- [Exercise details]: Transcribe every line below exactly; no image goes into the output.

(Beginning of Dataset excerpt)

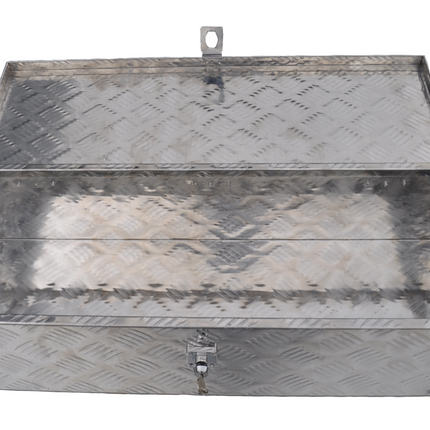 Cantonal Coffre de timon en tôle aluminium antidérapante 800x300x190 mm – fermeture papillon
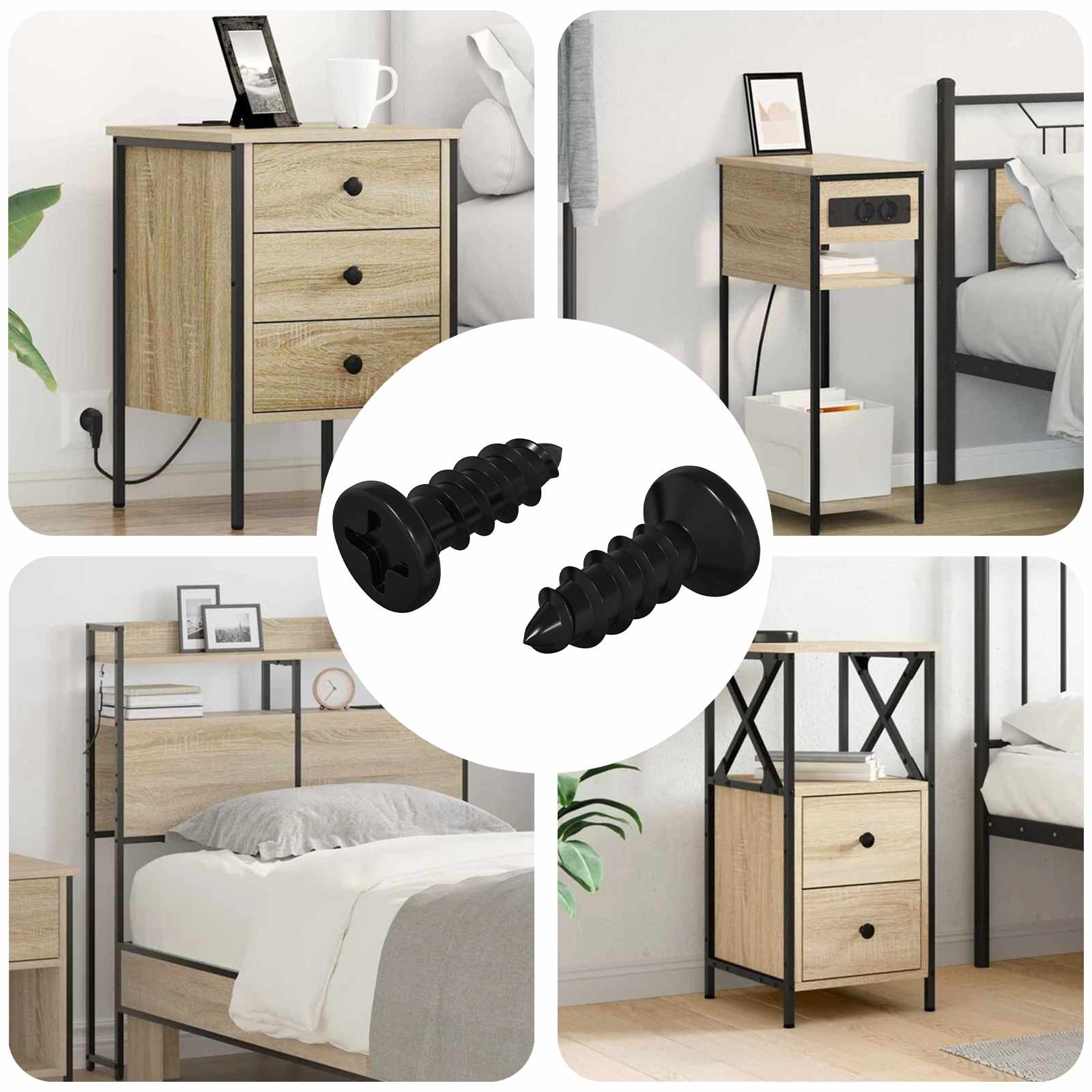 vidaXL Senkschraube 2 pcs Schwarz 4 x 12 mm Eisen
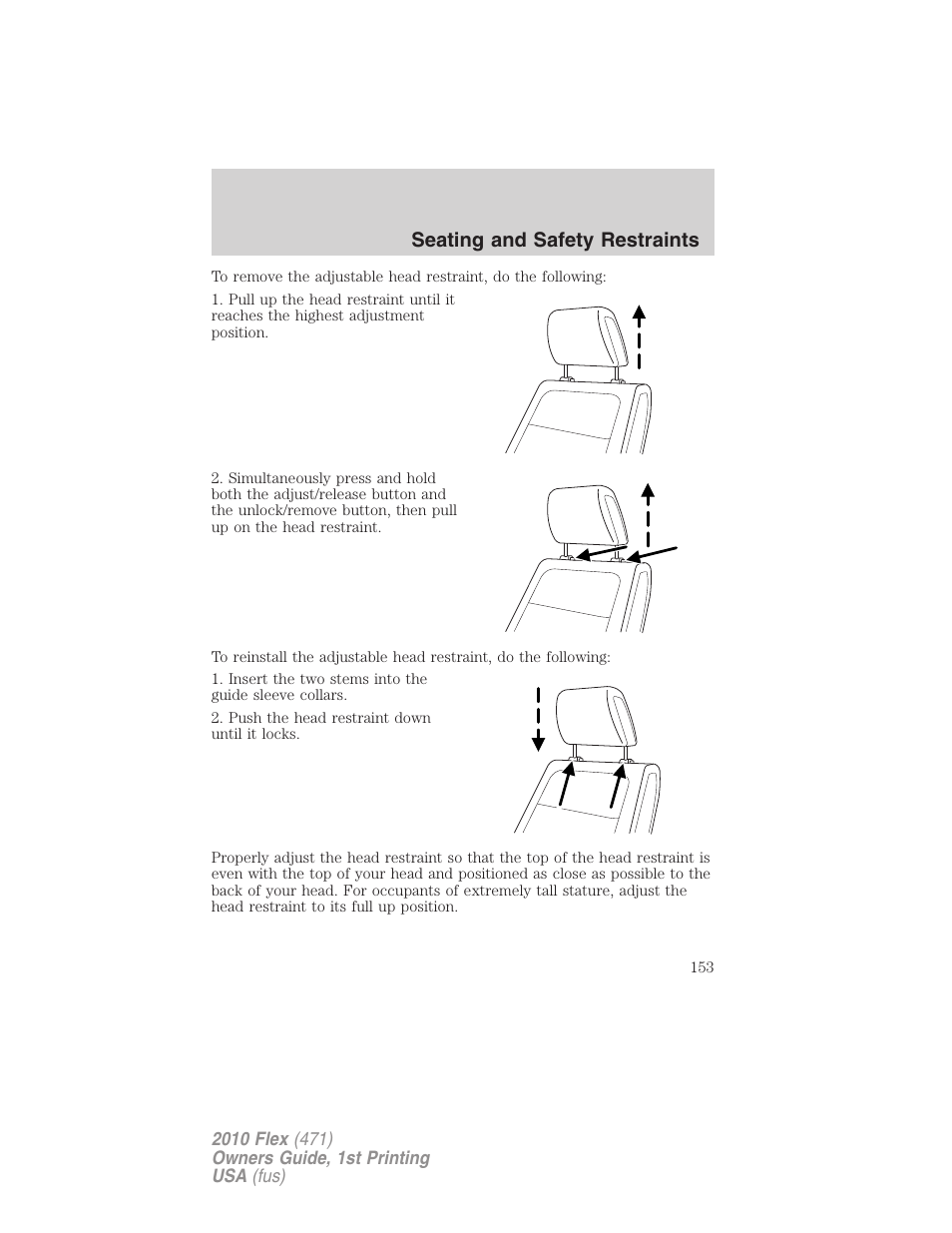 Seating and safety restraints | FORD 2010 Flex v.1 User Manual | Page 153 / 397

(End of Dataset excerpt)

- [Answer below]:
 Cantonal Coffre de timon en tôle aluminium antidérapante 800x300x190 mm – fermeture papillon
 vidaXL Senkschraube 2 pcs Schwarz 4 x 12 mm Eisen
 Seating and safety restraints | FORD 2010 Flex v.1 User Manual | Page 153 / 397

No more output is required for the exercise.